Tara Blaise chronology
| Dancing on Tables Barefoot (2005) | Great Escape (2008) |  |

Singles from Great Escape
- "Fall at the Start" Released: 25 July 2007; "Breathe" Released: 21 March 2008; "Make You" Released: 2008;

= Great Escape (Tara Blaise album) =

Great Escape is the second solo album by Irish singer Tara Blaise. It was released on 2 May 2008 (See 2008 in music) by Spokes Records.

== Track listing ==
1. "Make You" - 4:02
2. "Breathe" - 4:12
3. "Great Escape" - 3:44
4. "Taller on the Phone" - 2:34
5. "Let's Talk" - 3:05
6. "Secret Garden Party" - 4:21
7. "Fall at the Start" - 3:30
8. "Rage About It" - 3:38
9. "Rosalie" - 4:10
10. "New Red Shoes" - 4:19

== Singles ==
=== "Fall at the Start" ===

The single cover for "Fall at the Start"

"Fall at the Start" Written By Tara Blaise, Greg French & John Hughes, released on 25 July 2007, was the first single from the album. It was released less than a year after "Twenty One Years", which was the final single from her 2005 debut album Dancing on Tables Barefoot, and nearly one year before the rest of the Great Escape album.

==== Track listing ====
1. "Fall at the Start" (3:28)
2. "Fall at the Start" Featuring Greg French (Acoustic version) (3:19)

=== "Breathe" ===

The single cover for "Breathe"

Written By Tara Blaise, Greg French & John Hughes.
On 21 March 2008 the second single, "Breathe", was released. The UK CD single was released on 8 December 2008.
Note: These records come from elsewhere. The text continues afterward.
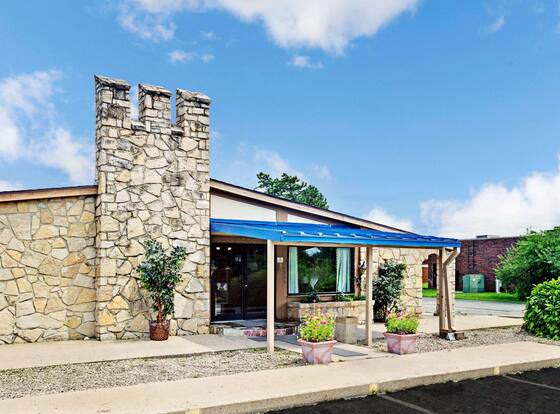 Knights Inn Indianapolis allows check-in for 18 year-old guests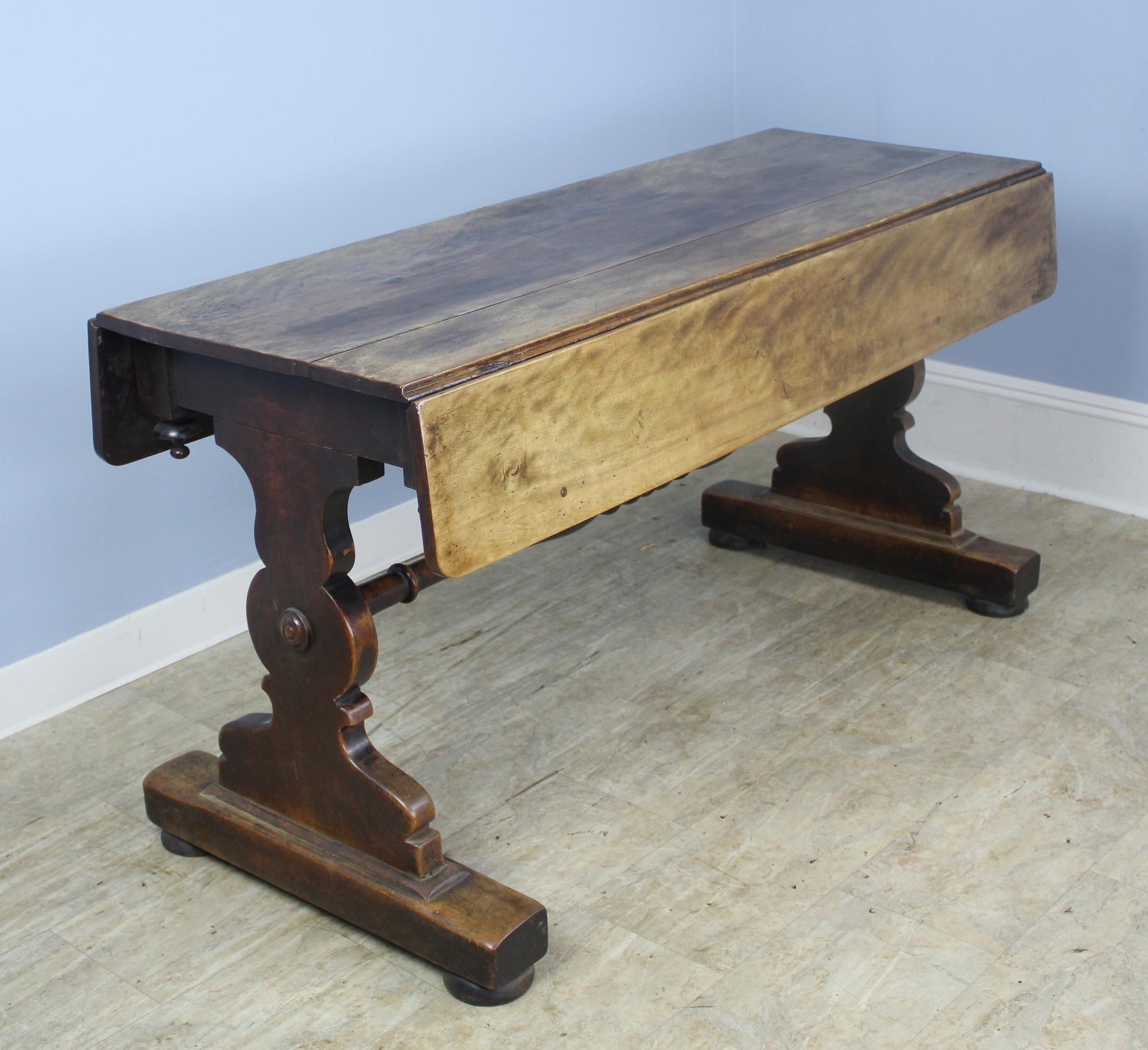 19th Century English Mahogany and Walnut Tavern Table In Good Condition For Sale In Port Chester, NY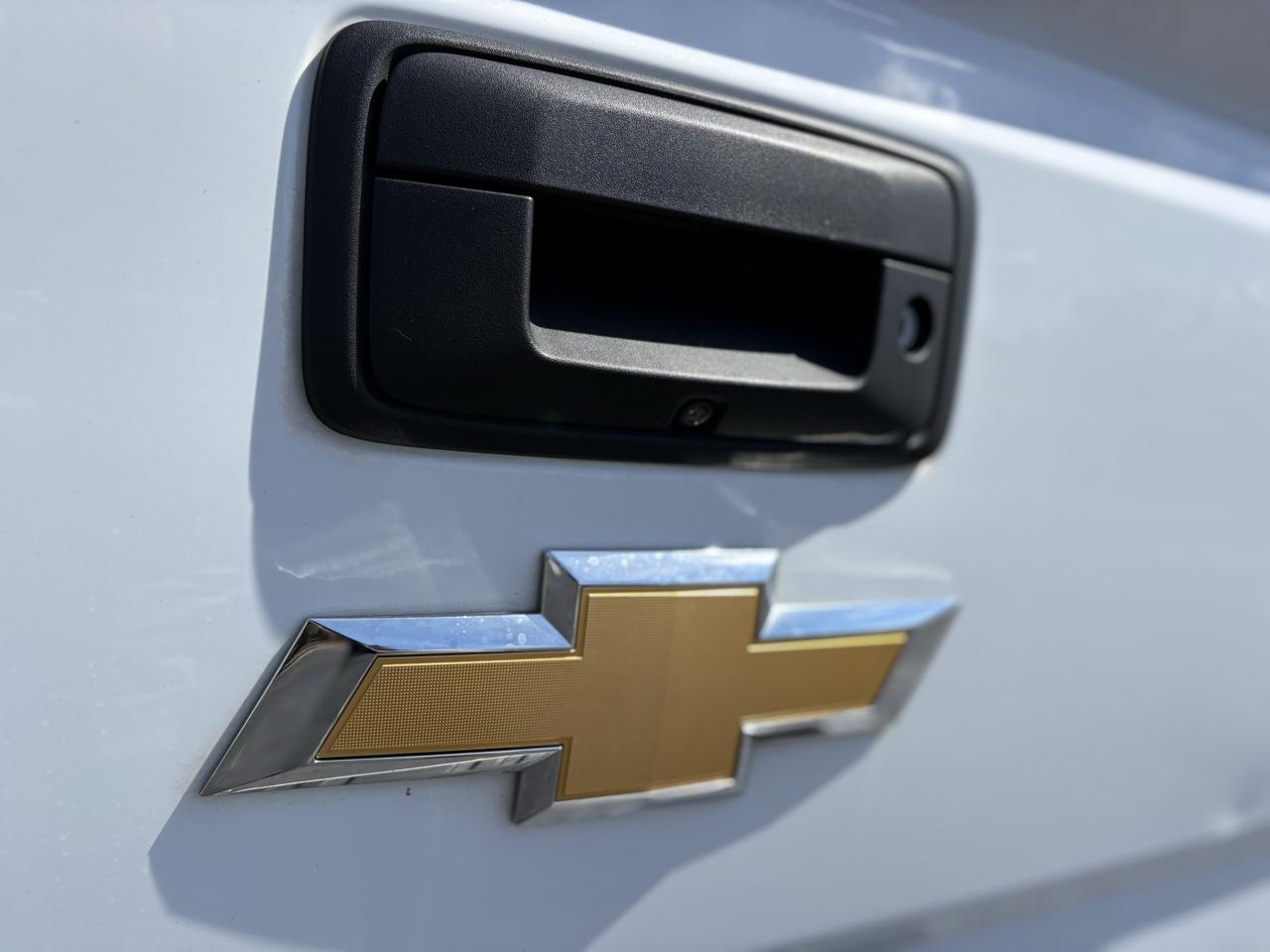 Chevrolet Silverado 1500 4WD Double Cab 143.5" Custom 2018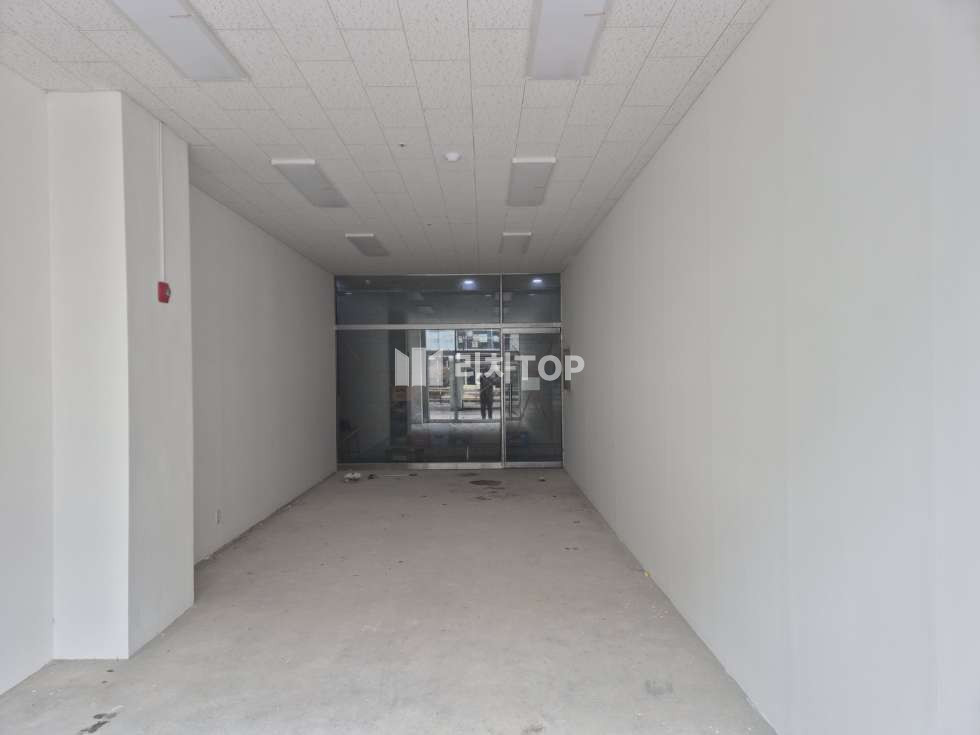 인천 서해구 청라동 청라 커낼수변뷰 전용 24평 상가 무권리 임대 월세 매물번호 10383 사진 3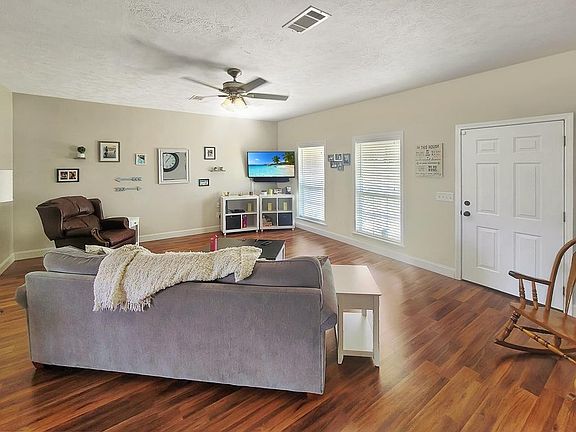 2nd image of 115 Eastbriar Dr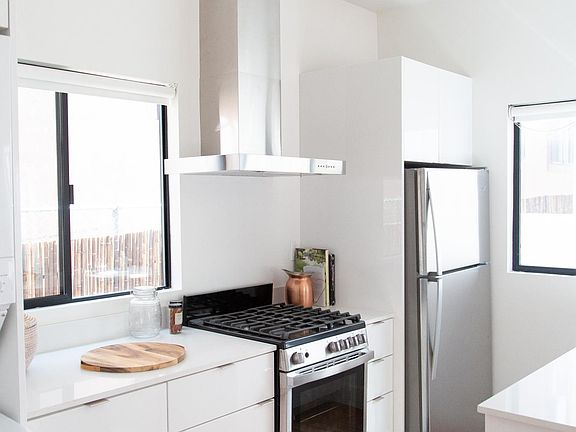 3rd image of 733 N Soto St #1/2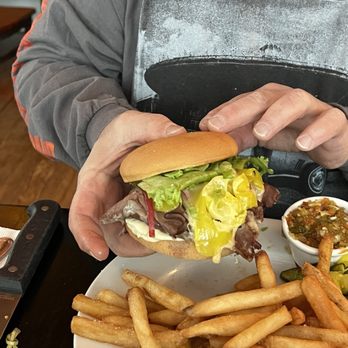 Krista's - Roast beef on a gluten-free bun - New American Near Me - Cornish, Maine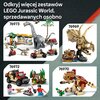 Na zdjęciu widoczne są cztery zestawy klocków LEGO Jurassic World, każdy z numerem katalogowym: 76973, 76969, 76972, 76970. Na górze zdjęcia znajduje się tekst: "Odkryj więcej zestawów LEGO Jurassic World, sprzedawanych osobno".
A studio video by Stylorouge for "Breathe" appeared on Tara Blaise's website in October 2008. Also on 7 October Terry Wogan played the song on his morning show, Wake Up to Wogan, and has since aired it a number of times.

==== Track listing ====
1. "Breathe"
2. "Breathe" (Acoustic version)

=== "Make You" ===
The third single was the album's opening track, entitled "Make You", Written By Tara Blaise & Greg French and produced by Robert John "Mutt" Lange.

The song entered RTÉ's Radio 1 Playlist on 5 May. A studio video for "Make You" appeared on Tara Blaise's website in October 2008.